**WORK REQUIRED:**
Please restate, exactly as they appear, only the lines from the one that contains "Attractive Purple Damask" to the final line of the entries, with no pictures.
EXERCISE MATERIALS Block Start
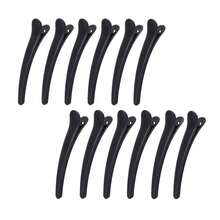 哑光黑色塑料鳄鱼皮发夹，带定位功能，男女适用，返校季、旅行度假必备品，女士发饰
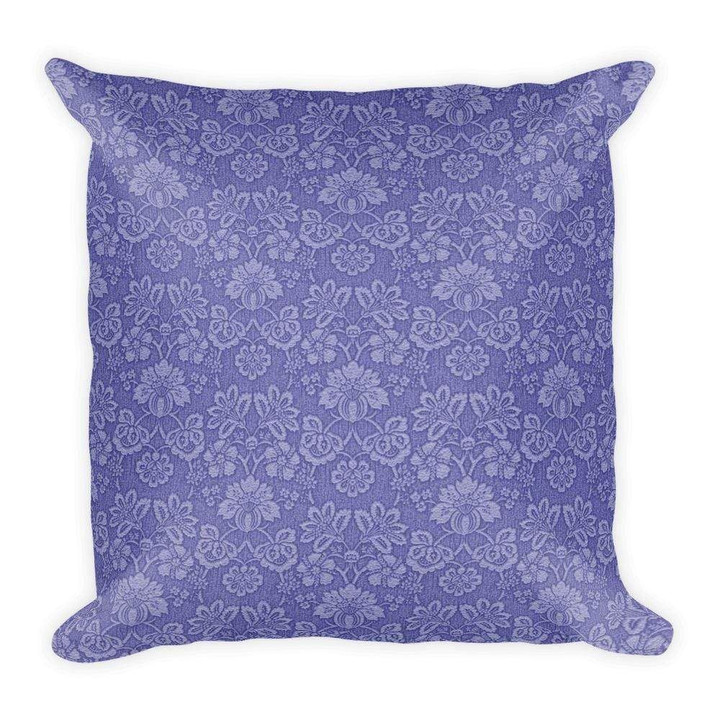Attractive Purple Damask Cushion Pillow Cover Home Decor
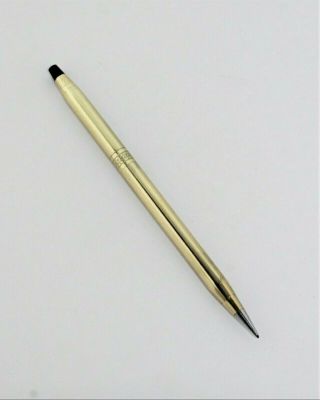 Vintage Cross Ladies 10 Kt Yellow Gold Filled Mechanical Pencil - 5 1/4 " Length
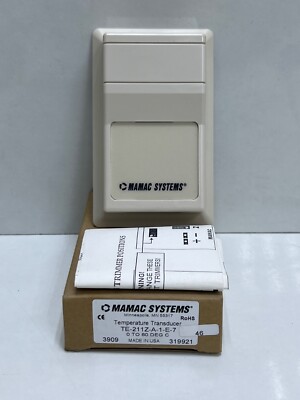 Mamac Systems TE-211Z-A-1-E-7, Temperature Transducer, 0 To 60 DEG C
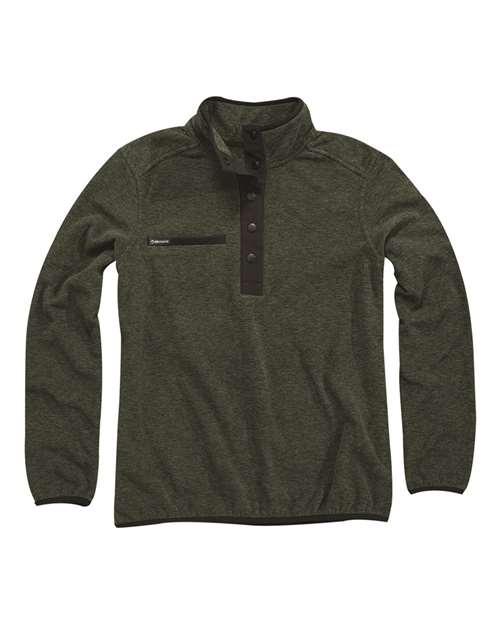 DRI DUCK 9340 — Women's Denali Mountain Fleece Pullover — Fatigue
EXERCISE MATERIALS Block End
**RESULT FOR THIS EXERCISE:**
Attractive Purple Damask Cushion Pillow Cover Home Decor
 Vintage Cross Ladies 10 Kt Yellow Gold Filled Mechanical Pencil - 5 1/4 " Length
 Mamac Systems TE-211Z-A-1-E-7, Temperature Transducer, 0 To 60 DEG C
 DRI DUCK 9340 — Women's Denali Mountain Fleece Pullover — Fatigue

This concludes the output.